Even things that most people take for granted, like going to the fair and riding the rides, were off limits, and “extreme” sports and activities were strictly forbidden. “I know a lot of my friends were able to go and do extreme things – like they can go ice skating, play paintball, or different games – growing up [things] that teenagers like to do. I had to think a lot before I could join in and do anything. I never got to play paint ball. I did go ice skating, but I paid for it. It’s so hard on your joints. So, I’ve just had to try to change my interests. I can’t be so ‘extreme.’ To a lot of people, it’s not extreme, but to me, it’s extreme.”
Today, Brandee wants people to know that she “can pretty much do any and everything with limitations.” If she wants to do something that’s a little more dangerous, she can pre-treat herself to prevent a bleed from happening.
Resources/Access to Information
For Brandee, her greatest source of information and support, other than her doctors and home health agency, has been other patients in the bleeding disorders community with VWD or hemophilia. “I think the only people I really talked to and had a connection with was the home health agency – who took me in and treated me like their best friend. I could call them day or night. They would have retreats with VWD and hemophilia patients, where we could share our stories and just be ‘normal’ teenagers. They would also get the families together quarterly so that we could all reconnect and share any recent challenges. I was really grateful for that community, and I still am, because I’ve met so many people – great friends – that are friends for life now. Even in the waiting rooms at the hemophilia treatment centers (HTCs), you connect with so many other families from the community that you didn’t know had a blood disorder. It was a small community when I was first diagnosed, but now I know a very large community with bleeders from all over the world.”

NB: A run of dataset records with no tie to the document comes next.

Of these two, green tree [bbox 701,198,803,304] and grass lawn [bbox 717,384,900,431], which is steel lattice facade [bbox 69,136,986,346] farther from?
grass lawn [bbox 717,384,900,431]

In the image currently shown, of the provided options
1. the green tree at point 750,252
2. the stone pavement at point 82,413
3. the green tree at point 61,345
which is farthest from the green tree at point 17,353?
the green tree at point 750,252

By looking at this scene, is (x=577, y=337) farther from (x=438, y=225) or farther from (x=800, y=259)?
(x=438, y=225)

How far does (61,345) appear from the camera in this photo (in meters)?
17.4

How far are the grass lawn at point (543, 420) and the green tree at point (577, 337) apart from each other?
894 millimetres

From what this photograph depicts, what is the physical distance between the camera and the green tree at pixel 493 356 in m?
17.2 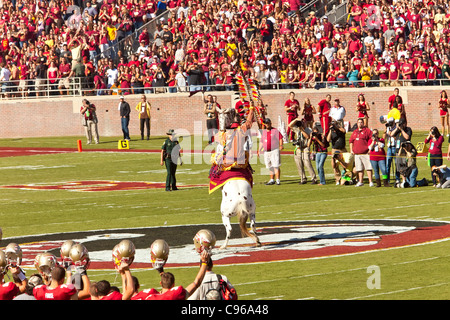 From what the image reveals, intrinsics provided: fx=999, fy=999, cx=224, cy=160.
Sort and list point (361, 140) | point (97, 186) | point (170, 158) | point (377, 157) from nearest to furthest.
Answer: point (377, 157)
point (361, 140)
point (170, 158)
point (97, 186)

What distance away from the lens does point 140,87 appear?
153 feet

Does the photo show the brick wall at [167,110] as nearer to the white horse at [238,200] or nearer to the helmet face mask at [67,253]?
the white horse at [238,200]

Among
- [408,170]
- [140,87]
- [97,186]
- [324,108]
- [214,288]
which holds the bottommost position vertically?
[97,186]

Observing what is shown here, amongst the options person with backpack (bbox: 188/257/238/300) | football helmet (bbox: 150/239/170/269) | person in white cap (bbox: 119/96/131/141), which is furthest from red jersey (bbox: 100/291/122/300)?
person in white cap (bbox: 119/96/131/141)

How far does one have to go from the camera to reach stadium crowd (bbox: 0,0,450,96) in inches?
1556

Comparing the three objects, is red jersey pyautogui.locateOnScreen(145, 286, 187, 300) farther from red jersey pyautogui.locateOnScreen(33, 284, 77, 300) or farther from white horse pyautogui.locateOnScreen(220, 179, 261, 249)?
white horse pyautogui.locateOnScreen(220, 179, 261, 249)

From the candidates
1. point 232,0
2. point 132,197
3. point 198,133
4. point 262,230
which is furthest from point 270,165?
point 232,0

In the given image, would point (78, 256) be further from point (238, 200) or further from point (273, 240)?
point (273, 240)

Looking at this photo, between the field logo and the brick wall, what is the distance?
66.0 feet

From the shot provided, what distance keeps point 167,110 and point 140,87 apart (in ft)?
6.44

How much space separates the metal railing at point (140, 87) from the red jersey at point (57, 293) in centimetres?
3110

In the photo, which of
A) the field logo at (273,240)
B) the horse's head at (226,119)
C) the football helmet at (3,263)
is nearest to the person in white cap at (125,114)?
the field logo at (273,240)

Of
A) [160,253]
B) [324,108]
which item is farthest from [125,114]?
[160,253] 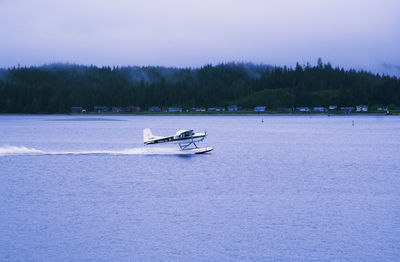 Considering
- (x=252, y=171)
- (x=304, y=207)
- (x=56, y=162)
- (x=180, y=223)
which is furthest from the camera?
(x=56, y=162)

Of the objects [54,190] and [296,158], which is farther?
[296,158]

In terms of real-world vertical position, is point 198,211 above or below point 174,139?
below

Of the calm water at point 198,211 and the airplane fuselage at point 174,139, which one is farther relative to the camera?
the airplane fuselage at point 174,139

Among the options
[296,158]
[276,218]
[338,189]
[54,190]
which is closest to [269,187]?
[338,189]

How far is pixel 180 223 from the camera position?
2125 cm

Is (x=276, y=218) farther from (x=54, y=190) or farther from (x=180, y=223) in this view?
(x=54, y=190)

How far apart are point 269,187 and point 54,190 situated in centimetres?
1231

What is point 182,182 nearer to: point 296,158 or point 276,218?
point 276,218

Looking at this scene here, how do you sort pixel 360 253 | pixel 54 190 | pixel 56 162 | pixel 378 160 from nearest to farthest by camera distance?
1. pixel 360 253
2. pixel 54 190
3. pixel 56 162
4. pixel 378 160

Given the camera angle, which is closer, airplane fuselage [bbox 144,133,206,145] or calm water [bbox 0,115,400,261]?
calm water [bbox 0,115,400,261]

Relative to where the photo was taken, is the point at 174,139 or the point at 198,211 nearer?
the point at 198,211

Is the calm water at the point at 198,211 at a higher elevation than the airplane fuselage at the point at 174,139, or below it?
below

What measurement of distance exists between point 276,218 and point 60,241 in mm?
8885

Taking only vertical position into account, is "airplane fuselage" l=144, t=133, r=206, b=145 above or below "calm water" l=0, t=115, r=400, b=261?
above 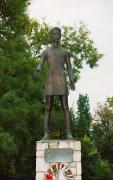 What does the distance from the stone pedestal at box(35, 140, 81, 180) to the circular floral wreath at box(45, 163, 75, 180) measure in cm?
7

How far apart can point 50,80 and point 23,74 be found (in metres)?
11.8

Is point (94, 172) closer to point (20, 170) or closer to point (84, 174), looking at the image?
point (84, 174)

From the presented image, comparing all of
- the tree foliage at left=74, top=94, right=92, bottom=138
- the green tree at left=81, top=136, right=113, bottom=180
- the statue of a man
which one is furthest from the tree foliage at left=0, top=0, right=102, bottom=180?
the statue of a man

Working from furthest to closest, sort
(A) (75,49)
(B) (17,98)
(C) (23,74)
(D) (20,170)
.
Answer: (A) (75,49)
(D) (20,170)
(C) (23,74)
(B) (17,98)

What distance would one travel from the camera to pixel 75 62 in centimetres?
3177

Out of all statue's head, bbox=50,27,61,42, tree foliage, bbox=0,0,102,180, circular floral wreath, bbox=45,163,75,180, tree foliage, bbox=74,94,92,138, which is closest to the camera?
circular floral wreath, bbox=45,163,75,180

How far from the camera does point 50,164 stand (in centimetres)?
1337

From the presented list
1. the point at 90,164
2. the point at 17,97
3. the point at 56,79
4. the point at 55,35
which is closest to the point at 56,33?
the point at 55,35

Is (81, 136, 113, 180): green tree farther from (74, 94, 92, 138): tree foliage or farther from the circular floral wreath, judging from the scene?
the circular floral wreath

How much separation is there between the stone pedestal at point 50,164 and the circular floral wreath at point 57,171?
7 cm

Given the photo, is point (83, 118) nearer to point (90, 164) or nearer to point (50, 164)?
point (90, 164)

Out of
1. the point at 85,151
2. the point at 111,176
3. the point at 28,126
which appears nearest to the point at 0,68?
the point at 28,126

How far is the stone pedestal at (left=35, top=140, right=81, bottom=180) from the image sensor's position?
43.7 ft

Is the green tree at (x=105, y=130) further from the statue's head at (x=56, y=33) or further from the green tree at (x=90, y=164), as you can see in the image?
the statue's head at (x=56, y=33) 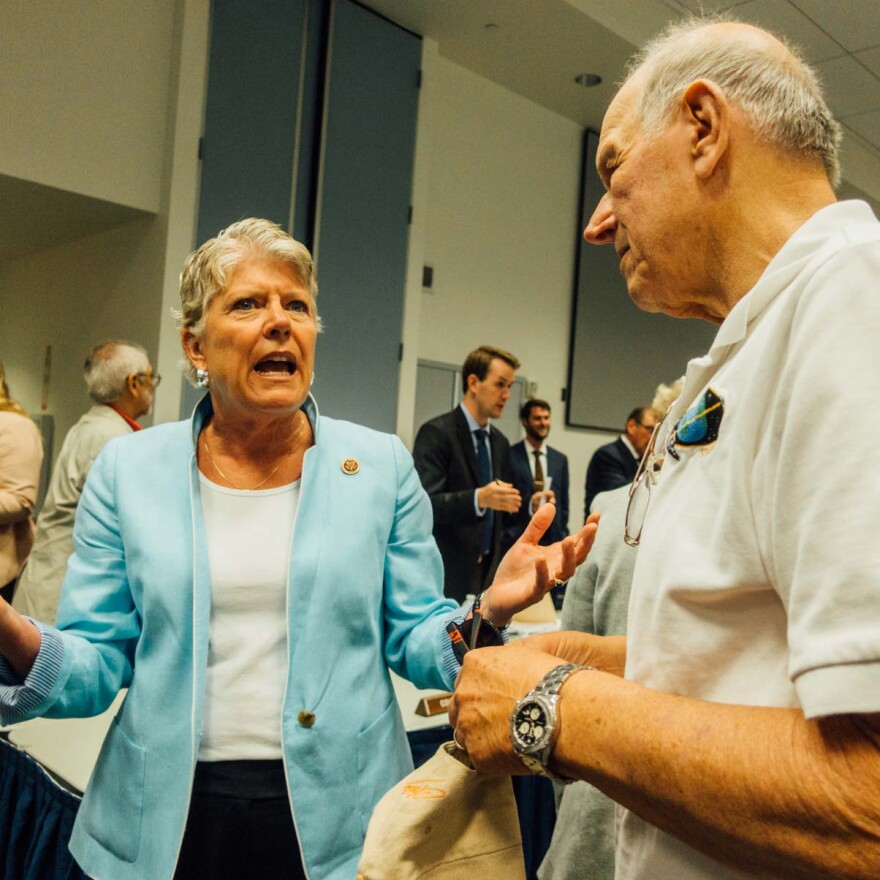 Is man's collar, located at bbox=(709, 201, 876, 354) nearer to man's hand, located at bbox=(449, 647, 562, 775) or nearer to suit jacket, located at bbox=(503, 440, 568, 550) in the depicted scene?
man's hand, located at bbox=(449, 647, 562, 775)

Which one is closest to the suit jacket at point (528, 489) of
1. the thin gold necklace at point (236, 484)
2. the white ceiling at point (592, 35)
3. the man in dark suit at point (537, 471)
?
the man in dark suit at point (537, 471)

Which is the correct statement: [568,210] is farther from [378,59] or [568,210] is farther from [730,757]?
[730,757]

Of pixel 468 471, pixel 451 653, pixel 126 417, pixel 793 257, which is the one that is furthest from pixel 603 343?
pixel 793 257

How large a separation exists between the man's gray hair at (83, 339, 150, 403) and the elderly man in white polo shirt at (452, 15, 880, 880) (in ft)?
Answer: 9.32

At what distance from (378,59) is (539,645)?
470cm

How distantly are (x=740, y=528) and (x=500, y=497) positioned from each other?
269cm

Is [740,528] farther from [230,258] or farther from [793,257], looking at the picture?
[230,258]

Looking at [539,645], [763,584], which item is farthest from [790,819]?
[539,645]

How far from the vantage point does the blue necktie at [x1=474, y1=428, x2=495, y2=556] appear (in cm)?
402

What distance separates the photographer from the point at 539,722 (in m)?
0.69

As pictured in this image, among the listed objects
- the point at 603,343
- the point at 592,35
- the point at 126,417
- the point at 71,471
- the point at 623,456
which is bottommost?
the point at 71,471

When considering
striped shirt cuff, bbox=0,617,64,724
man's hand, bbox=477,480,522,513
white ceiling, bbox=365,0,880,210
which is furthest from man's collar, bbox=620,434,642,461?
striped shirt cuff, bbox=0,617,64,724

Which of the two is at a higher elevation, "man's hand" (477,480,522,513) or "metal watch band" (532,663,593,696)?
"man's hand" (477,480,522,513)

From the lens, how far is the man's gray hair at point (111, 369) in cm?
334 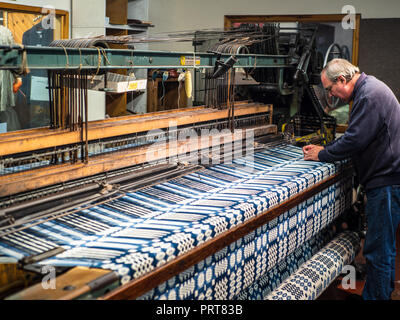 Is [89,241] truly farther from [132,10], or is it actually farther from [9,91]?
[132,10]

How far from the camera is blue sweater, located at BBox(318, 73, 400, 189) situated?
305cm

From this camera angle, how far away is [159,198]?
2381 mm

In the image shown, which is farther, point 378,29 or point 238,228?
point 378,29

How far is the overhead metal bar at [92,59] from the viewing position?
1.99m

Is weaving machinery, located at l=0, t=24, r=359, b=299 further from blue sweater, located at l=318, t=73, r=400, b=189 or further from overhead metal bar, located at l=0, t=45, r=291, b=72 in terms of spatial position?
blue sweater, located at l=318, t=73, r=400, b=189

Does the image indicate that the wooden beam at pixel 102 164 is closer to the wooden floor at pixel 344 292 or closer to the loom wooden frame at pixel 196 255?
the loom wooden frame at pixel 196 255

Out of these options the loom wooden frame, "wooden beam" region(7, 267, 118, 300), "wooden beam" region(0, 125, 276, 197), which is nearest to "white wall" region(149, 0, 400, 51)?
"wooden beam" region(0, 125, 276, 197)

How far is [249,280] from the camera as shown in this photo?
8.24 feet

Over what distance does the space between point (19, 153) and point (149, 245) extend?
0.96 meters

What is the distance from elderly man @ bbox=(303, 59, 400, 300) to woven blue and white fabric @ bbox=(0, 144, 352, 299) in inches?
11.5

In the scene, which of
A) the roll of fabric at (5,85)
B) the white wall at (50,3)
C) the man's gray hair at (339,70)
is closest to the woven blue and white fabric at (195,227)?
the man's gray hair at (339,70)

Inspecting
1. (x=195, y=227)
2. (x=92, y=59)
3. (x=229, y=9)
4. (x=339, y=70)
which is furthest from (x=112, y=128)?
(x=229, y=9)

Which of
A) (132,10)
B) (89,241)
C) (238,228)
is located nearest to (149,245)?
(89,241)

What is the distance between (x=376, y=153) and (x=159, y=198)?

Brandee is very involved in the bleeding disorders community. She attends VWD conferences, is involved in the VWD Connects Foundation, shares information about VWD on social media through pages like Southern Girls Bleed, and has served on pharmaceutical company patient-advisory boards. “I’m a member of several VWD groups where we come together, share stories, ask for advice, and just lean on one another for support.”
Advice for Others
When asked what advice Brandee would like to share with others, she said, “There are going to be some bruises and bleeds along the way, but this is a manageable disorder with the right treatment plan. Get involved with your local chapter, join a social media group, and always speak up for yourself. If you don’t, who will?”
And for the parents out there, Brandee wants you to know that “you’ve got this! You’re going to find the right treatment plan that works for your child. Find a support system, families who are going through the same challenges as you. Lastly, let them be kids.”
CDC thanks Brandee for sharing her story.